[[ Given information, beginning ]]

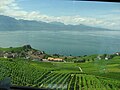 Lavaux mill-ferrovija li tmur minn Lausanne sa Palézieux u Bern.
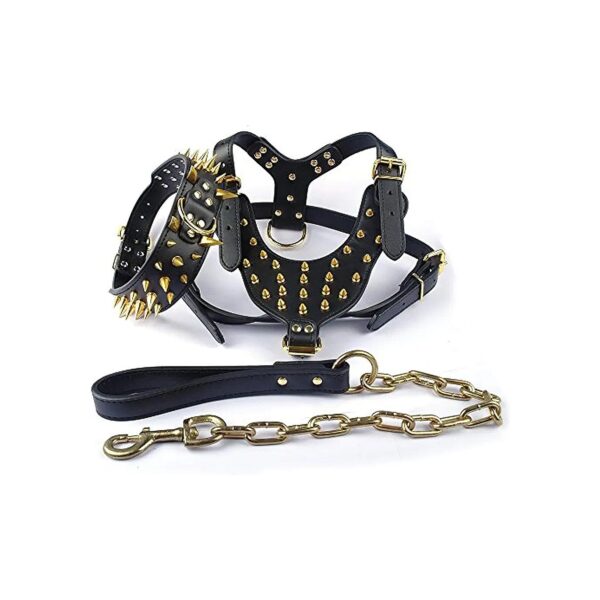 Black Golden Rivet Leather Dog Collar and Matching Harness for Large Pitbull Boxers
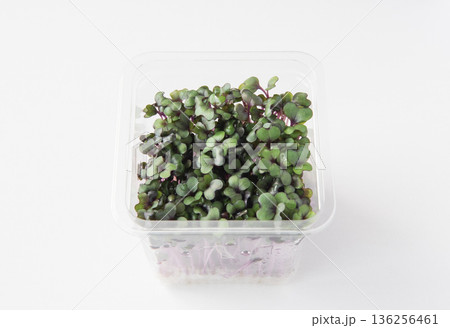 パック入りレッドキャベツスプラウト パック入りレッドキャベツスプラウト 136256461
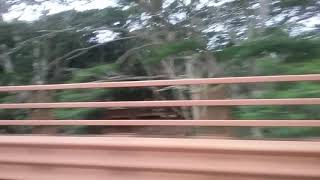 Kauai Flood Anahola Bridge [upl. by Forrester548]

[[ Given information, end ]]

Action item - Every line above is to be repeated exactly, but no picture is to appear in the copy.

Reply -
 Lavaux mill-ferrovija li tmur minn Lausanne sa Palézieux u Bern.
 Black Golden Rivet Leather Dog Collar and Matching Harness for Large Pitbull Boxers
 パック入りレッドキャベツスプラウト パック入りレッドキャベツスプラウト 136256461
 Kauai Flood Anahola Bridge [upl. by Forrester548]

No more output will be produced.